Sign #1: You haven’t taken advantage of membership discounts.
If you are a member of AAA, AARP, NRA and other membership organizations, you might be overpaying for home insurance according to Wallet Pop. These organizations offer their members significant discounts – sometimes as much as 20 percent – on insurance products.
The only problem is that membership organizations usually have relationships with certain insurance companies. This means that if you want to take advantage of the discount, you might have to switch companies. You’ll have to decide if it’s worth the savings.
Sign #2: You haven’t upgraded your home.
Certain upgrades can prevent consumers from overpaying for home insurance. Outdated wiring, plumbing and heating systems, for example, can increase your homeowners insurance premium. Updating your home can often save you money on utility bills as well as insurance.
There will be an upfront investment if you decide to modernize your home, so you’ll want to run the numbers to see how much you’ll save and whether it is worth the money. Talk to contractors as well as your insurance agent to find out exactly where you stand.
Sign #3: You’ve valued the land as well as your home.
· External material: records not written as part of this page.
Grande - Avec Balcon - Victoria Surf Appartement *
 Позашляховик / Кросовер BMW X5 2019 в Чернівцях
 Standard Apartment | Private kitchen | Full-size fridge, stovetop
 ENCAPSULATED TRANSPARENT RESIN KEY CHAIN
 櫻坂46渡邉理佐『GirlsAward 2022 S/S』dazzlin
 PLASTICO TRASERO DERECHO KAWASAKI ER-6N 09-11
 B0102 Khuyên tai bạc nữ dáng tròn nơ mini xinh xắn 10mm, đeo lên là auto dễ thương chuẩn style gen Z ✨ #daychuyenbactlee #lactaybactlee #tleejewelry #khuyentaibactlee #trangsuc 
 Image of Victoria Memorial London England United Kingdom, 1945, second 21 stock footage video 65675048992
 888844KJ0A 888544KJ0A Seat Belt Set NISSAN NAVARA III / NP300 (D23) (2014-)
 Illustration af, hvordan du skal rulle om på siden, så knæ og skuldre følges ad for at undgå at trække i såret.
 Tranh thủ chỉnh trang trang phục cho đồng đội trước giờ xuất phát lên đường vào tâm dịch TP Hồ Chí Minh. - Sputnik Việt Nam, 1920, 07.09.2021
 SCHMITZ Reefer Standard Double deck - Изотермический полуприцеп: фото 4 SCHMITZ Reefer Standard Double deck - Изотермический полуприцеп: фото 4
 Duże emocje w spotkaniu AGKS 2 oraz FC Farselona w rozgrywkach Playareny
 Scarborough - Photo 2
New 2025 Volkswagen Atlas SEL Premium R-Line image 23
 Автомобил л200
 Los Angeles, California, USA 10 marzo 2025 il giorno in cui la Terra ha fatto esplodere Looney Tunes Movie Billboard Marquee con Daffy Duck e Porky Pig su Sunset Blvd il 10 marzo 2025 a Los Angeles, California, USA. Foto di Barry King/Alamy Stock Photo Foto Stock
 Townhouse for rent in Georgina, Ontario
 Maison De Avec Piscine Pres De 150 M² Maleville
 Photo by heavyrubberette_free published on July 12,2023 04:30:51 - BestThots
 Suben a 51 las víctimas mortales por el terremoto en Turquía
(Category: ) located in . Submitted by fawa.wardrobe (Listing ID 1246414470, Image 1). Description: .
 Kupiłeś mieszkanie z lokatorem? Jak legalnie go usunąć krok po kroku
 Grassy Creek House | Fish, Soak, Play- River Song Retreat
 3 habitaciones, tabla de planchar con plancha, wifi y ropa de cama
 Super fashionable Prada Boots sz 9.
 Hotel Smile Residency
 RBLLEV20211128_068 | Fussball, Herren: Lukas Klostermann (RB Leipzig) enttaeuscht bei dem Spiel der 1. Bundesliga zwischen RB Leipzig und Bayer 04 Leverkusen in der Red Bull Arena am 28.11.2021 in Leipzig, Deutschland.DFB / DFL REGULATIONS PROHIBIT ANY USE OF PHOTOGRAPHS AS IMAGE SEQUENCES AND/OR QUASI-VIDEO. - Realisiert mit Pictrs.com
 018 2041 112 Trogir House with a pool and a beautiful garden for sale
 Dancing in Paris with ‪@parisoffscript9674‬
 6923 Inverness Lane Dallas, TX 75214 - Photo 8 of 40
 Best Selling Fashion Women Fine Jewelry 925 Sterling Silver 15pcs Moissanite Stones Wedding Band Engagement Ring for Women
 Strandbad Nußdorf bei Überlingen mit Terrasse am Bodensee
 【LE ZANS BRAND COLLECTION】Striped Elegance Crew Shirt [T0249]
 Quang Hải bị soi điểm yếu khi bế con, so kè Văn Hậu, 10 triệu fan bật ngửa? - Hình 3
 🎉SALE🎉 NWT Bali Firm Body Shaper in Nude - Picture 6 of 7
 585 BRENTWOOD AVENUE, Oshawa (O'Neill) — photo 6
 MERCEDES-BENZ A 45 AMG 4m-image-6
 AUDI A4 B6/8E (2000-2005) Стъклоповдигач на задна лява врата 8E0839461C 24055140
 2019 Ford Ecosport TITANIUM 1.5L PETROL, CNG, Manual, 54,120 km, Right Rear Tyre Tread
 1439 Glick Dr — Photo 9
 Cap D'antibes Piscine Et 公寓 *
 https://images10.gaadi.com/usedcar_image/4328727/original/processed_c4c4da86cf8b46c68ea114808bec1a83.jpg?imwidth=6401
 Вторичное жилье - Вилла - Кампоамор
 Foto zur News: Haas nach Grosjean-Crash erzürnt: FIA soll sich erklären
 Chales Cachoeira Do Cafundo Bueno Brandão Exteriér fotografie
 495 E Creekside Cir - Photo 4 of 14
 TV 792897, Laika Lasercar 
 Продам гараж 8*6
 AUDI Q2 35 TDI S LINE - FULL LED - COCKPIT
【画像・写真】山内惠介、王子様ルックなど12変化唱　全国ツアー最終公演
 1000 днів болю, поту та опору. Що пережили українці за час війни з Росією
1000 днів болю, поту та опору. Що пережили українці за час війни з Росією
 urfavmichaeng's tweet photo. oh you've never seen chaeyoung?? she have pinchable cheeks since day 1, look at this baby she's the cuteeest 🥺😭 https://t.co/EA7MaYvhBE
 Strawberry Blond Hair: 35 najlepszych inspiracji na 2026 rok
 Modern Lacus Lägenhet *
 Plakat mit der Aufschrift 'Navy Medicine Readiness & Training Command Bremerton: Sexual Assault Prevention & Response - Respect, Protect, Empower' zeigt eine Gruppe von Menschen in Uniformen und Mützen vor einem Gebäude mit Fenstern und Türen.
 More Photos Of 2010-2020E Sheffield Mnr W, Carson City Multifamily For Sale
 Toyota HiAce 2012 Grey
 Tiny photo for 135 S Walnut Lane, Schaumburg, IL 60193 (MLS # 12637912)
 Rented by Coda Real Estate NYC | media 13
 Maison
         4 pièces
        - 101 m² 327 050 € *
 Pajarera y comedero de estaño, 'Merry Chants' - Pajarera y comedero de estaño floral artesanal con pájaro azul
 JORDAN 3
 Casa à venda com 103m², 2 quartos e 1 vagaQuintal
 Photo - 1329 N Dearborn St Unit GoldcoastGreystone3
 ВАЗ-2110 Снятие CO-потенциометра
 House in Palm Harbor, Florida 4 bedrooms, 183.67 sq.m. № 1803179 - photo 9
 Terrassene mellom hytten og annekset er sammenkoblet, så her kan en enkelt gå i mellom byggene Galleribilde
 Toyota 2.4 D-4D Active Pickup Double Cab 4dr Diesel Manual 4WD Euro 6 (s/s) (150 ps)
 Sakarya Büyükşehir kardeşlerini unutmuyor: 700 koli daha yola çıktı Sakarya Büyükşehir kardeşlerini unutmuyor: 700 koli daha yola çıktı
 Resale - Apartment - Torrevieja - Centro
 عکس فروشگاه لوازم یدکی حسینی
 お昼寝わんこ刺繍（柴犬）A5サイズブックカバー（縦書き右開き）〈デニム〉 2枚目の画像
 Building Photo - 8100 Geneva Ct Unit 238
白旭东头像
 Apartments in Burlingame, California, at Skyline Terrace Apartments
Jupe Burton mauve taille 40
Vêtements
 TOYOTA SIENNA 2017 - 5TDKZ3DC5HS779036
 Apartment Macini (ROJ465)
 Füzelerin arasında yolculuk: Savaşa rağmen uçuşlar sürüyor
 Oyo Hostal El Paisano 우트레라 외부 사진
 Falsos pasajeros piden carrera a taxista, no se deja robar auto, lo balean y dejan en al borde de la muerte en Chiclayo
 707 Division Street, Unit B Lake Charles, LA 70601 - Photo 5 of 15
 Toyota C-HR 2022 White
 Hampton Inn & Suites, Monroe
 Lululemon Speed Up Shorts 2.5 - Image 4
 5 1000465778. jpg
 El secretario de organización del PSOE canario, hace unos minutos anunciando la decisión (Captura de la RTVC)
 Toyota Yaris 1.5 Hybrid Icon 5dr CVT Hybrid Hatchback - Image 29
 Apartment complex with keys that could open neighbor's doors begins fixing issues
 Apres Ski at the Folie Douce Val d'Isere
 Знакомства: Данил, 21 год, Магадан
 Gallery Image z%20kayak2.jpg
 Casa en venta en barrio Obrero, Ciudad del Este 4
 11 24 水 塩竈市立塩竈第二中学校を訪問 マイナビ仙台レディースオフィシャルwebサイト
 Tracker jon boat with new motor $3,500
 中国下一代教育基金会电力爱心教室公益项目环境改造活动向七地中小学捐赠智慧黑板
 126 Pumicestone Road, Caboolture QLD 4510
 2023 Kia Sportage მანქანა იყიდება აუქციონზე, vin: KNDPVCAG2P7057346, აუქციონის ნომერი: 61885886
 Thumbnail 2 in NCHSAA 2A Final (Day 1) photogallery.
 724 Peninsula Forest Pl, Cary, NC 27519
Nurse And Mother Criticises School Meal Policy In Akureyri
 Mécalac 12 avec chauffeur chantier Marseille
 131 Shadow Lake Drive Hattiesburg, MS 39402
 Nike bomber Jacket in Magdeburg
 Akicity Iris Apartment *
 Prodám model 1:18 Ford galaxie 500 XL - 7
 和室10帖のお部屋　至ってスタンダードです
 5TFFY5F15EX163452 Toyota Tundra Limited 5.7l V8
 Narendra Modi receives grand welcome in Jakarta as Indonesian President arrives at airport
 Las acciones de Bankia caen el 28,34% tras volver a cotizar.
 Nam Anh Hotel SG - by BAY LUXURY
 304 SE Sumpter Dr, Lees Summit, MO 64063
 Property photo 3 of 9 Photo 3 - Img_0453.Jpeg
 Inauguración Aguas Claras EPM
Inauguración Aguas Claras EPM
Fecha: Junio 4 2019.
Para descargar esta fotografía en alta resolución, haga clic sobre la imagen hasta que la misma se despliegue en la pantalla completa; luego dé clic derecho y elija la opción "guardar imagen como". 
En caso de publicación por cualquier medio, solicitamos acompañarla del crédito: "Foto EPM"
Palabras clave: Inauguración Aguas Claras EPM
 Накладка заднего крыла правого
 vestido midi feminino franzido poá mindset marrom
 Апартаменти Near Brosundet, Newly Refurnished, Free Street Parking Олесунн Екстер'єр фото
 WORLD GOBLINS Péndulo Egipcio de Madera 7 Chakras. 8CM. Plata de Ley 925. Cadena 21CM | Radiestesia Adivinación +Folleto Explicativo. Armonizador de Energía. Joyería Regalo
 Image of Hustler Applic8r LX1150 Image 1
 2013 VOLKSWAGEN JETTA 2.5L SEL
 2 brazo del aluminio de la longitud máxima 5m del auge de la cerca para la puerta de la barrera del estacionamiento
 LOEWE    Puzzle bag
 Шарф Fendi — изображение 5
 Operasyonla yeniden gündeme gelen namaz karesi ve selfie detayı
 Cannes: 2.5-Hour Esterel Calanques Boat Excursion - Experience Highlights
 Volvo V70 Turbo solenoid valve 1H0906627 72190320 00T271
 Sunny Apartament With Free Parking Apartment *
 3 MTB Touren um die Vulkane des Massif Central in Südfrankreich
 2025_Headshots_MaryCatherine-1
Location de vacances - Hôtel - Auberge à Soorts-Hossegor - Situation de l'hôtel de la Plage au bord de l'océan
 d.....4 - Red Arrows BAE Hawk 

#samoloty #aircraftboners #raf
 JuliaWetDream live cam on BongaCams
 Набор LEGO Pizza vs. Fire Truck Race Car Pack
Many people are overpaying for home insurance simply because they don’t understand how their homes are valued. Your insurance should cover your actual house, including your garage and any unattached buildings, but not the land on which your house sits.
Fires, floods and other natural disasters might tear up your lawn, but you don’t need to insure it. Make sure your house is valued correctly for homeowners insurance purposes so you aren’t paying too much.
Sign #4: Other people pay less.
If your neighbors scoff at your homeowners insurance premium, you’re probably overpaying for home insurance. There will be small discrepancies depending on the value of the home and the insurance company you choose, but if your annual cost is significantly higher it might be time to shop around.
Sign #5: Your possessions have changed.
Most people add coverage for their belongings to their homeowners insurance policies. But if you sell a bunch of your expensive possessions or downsize in any way, you need to report those changes or you could be overpaying for home insurance.
Sign #6: You haven’t shopped around.
If you haven’t priced home insurance in several years, you’ve done yourself a great disservice. The insurance industry can change just as radically as any other type of business, so it pays to solicit quotes every few years. Find out what other companies are offering and whether you can save money.